Financial markets will understandably be nervous on worries of Greek Euro exit and volatility will increase but going forward, markets will get back on track as ECB pumps in liquidity and markets could also start expecting the Fed to ease its rate hike stance if there is too much volatility.

INR is likely to open slightly negative on Monday the 6th of July but will hold steady at lower levels as  global financial markets stabilize on ECB actions.

USD last week edged higher on rising risk aversion as Greek defaulted on IMF loan payment of Eur 1.6 Billion for which the repayment date had already been extended and was scheduled to be paid on 30th June. Greece after defaulting became the first developed country to default on IMF loan and subsequently failed to secure extension on its bailout program. IMF states that Greece can now only receive further funding after its arrears are cleared.

Greek Prime Minister Alexis Tsipras has gone for referendum on accepting the terms proposed by lenders for extending the country’s bailout program. The referendum was scheduled for 5th June. European leaders have said that the referendum is ultimately a vote on whether to remain in the Eurozone.

USD Index (DXY), which tracks the movement of the USD against six currencies, posted a gain of 1.47% last week. USD trimmed some of its early week gains on weak U.S. jobs data. U.S. Department of Labour on Thursday reported that number of individuals filing for initial jobless benefits in the week ended 26th June rose by 10,000 to 281,000 from the previous week’s total of 271,000 and against expectations of decline of 1,000 to 272,000.

On Friday U.S. Department of Labour reported that the economy added 223,000 jobs in the month of June against the expectations of 230,000. U.S economy in the month of May has added 223,000 jobs. The report also shows that the unemployment rate has declined to 5.3% in the month of June from 5.5% in May and against the expectation of 5.4%.

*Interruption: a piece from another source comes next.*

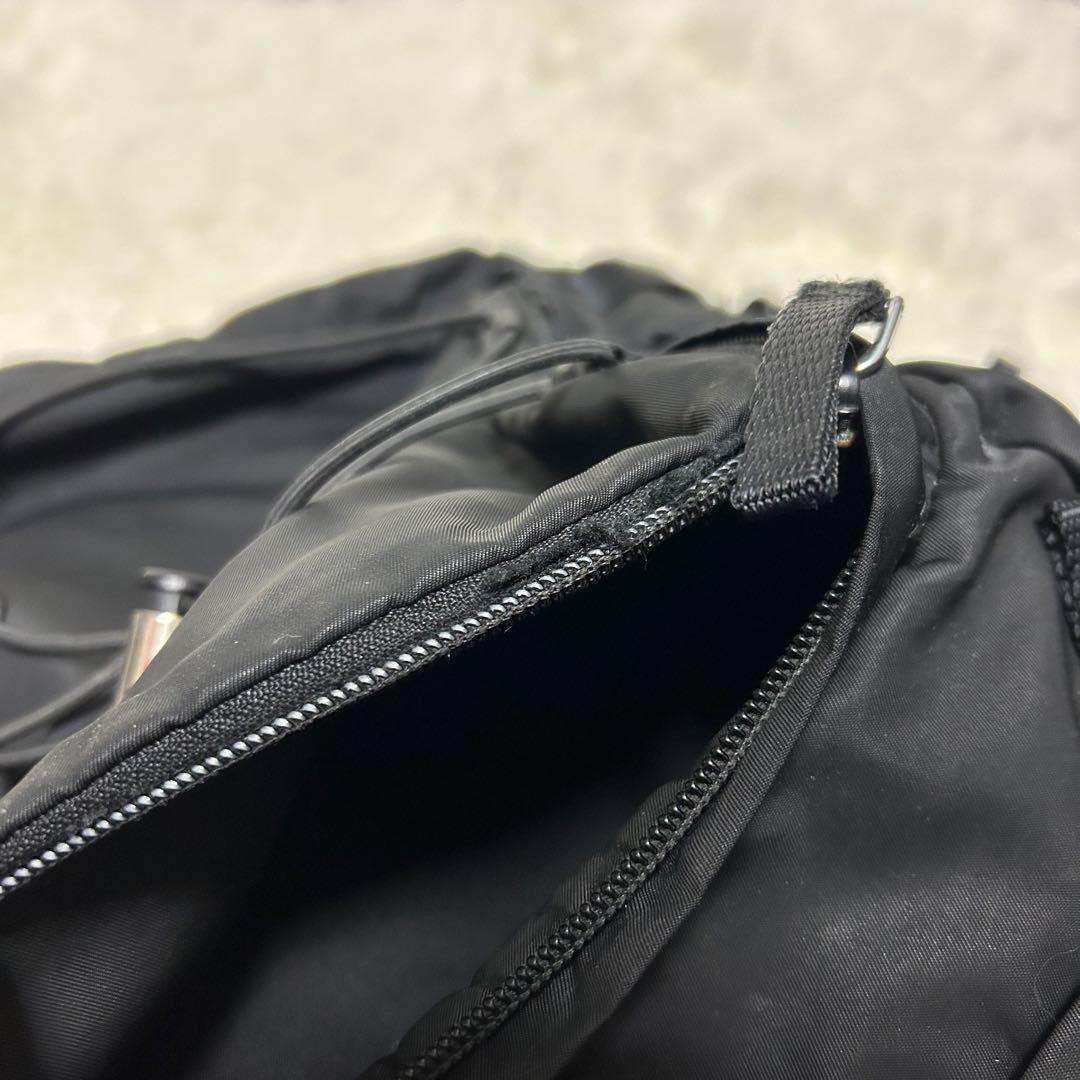 あんしん鑑定　完売品　PRADA プラダ　バックパック　リュック　VZ0055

U.S. Commerce Department on Thursday reported that factory orders fell by 1.0% in May against expectations of a 0.5% decline.

Euro last week depreciated by 0.47% against USD as Greece defaulted on its IMF loan repayment and failed to secure extension on its bailout program. Euro is expected to remain under pressure as reports suggest that referendum scheduled over the weekend is widely divided and European leaders have already stated that the referendum is ultimately a vote on whether to remain in the Eurozone.

Brazilian Real last week depreciated by 0.47% against the USD as Brazil’s Central Bank reduced its forex intervention by slowing down the rollover pace of currency swaps, which indicates that policy makers don’t view the recent rally favourably and does not want the Real to strengthen further in order to maintain its export competitiveness. Brazil has posted a trade surplus of USD 565 million for the week ended 21st June, compared with USD 678 million in the prior period.

Russian Ruble depreciated by 2.08% against the USD as Brent crude oil prices decline by 4.63% on weekly basis from 63.25 USD/bbl to 60.32 USD/bbl. Russia’s main export is Crude Oil & Natural Gas, which helps the country  generate half of its budget revenue. Russian companies face foreign debt payments of USD 33 billion in the next three months compared to USD 21 billion payments seen in the second quarter, according to Central Bank data, which will keep the Ruble under pressure. Bank of Russia has bought USD 5.96 billion since May 13 as it seeks to boost the nation’s reserves to USD 500 billion from current levels of USD 361 billion.

Asian currencies were marginally up against the USD last week. Japanese Yen appreciated by 0.86%, Philippines Peso appreciated by 0.08%, Chinese Yuan appreciated by 0.06%, Thai Baht appreciated by 0.03% whereas Australian Dollar declined by 1.72%, South Korean Won declined by 0.58% and Indonesia Rupiah declined by 0.09%. Indian Rupee appreciated by 0.32% against USD and by 0.54% against Euro.